In one study [19], a new constructive bijection connects permutations with a specific number of inversions to those with a particular major index, facilitating exploration of mathematical connections. Another work [20] introduces a probability distribution on the group of permutations of the set of integers, providing insights into inversion's probabilistic aspects for permutation-based data analysis. Furthermore, [21] presents six bijections linking a specific type of polyominoes called deco polyominoes with permutations, establishing connections between classical statistics and permutation-related analyses. Moreover, [22] proposes an efficient solution for counting interior edge crossings in bipartite graphs, relevant for layered graph drawing and data visualization enhancement.

This study introduces "Inv," an inversion-based similarity measure addressing previous challenges. It forms the basis of a new clustering approach grouping objects by inversion-based similarity. The primary goal is to optimize clustering by maximizing intra-cluster similarity and minimizing inter-cluster similarities. By incorporating this measure, we anticipate achieving more meaningful clustering results that better reflect underlying data patterns and relationships.

Data and method

The flowchart of the activities undertaken to assess the new inversion-based clustering approach is presented in the Fig. 1.

Fig. 1
figure 1

Flowchart of implementation and evaluation of the inversion-based clustering approach

Formulation of challenges related to similarity criteria

Several key terms used in simulation examples are defined below.

Object: Any entity that we intend to cluster is an object. Each object \({obj}_{i}\) has n features and can be represented by a vector: \({obj}_{i}= \langle {f}_{i1}, {f}_{i2}, \dots , {f}_{in}\rangle\).

Feature space: Each feature has a valid range of values known as its feature space, represented by \({S}_{f}\) for feature \(f\).

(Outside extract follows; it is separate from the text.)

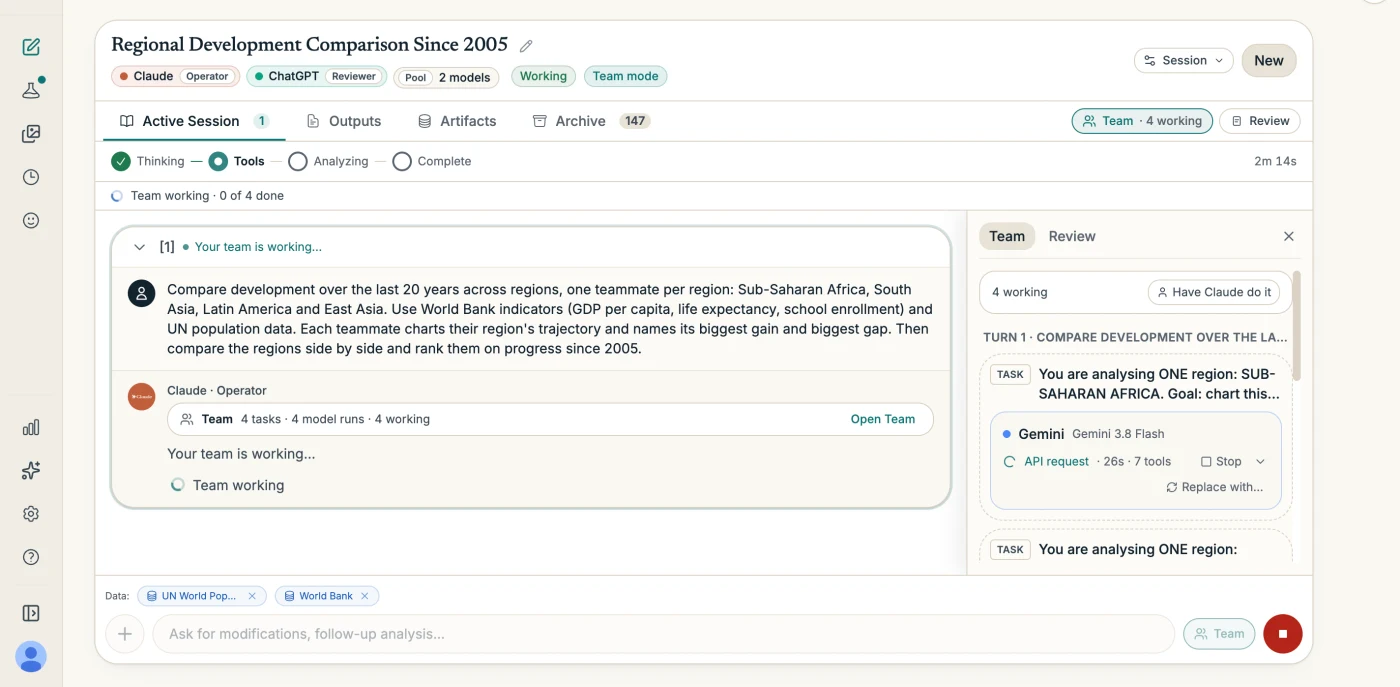 The Team panel with four tasks running, each showing its model, status, time and tool count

Universe: The set of all objects we want to cluster is known as the universe, represented by \(U= \left\{{obj}_{1}, {obj}_{2},\dots ,{obj}_{k}\right\}.\)

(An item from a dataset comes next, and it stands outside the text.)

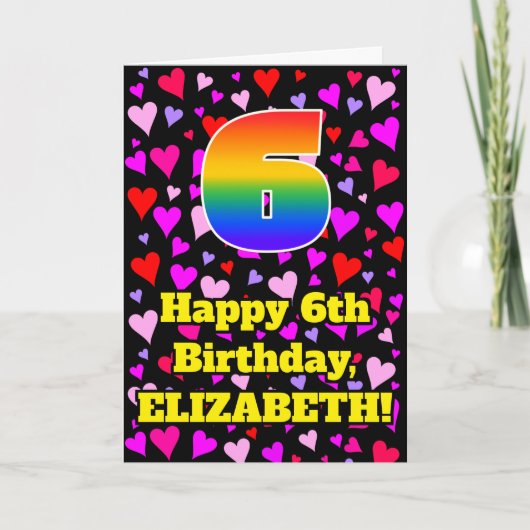 Carte 6e anniversaire : Amour Hearts Motif, Arc-en-ciel (Devant)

Similarity Measure: A similarity measure is a measure that takes two objects as input and outputs a numeric value representing their similarity.

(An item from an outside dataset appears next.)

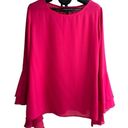 Kay Celine  Jessalyn Blouse Flounce Sleeve Casual Vacation Top Fuchsia, Size M Photo 4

Clustering problem: A problem of partitioning k objects into m groups \(\langle {C}_{1}, {C}_{2}, \dots , {C}_{m}\rangle\) according to a specified similarity measure, so that the objects in each group are as similar as possible to each other and as different as possible from objects in other groups. These clusters adhere to two constraints [1–7]:

$${C}_{i}\bigcap_{\begin{array}{c}j=1..m\\ i\ne j\end{array}}^{i=1..m}{C}_{j}= \varnothing$$

In the following paragraphs, the challenges stated in the introduction section are formulated using the defined terms.

Symmetry challenge

A drawback of distance-based measures is called the Symmetry challenge, where adding or subtracting a value to a feature has the same distance effect. Given that Euclidean distance is widely used in clustering algorithms [23], it is used as a representative of distance-based measures in the following practices. Practice 1 demonstrates the weakness of similarity criteria when adding or subtracting a specific value to a feature.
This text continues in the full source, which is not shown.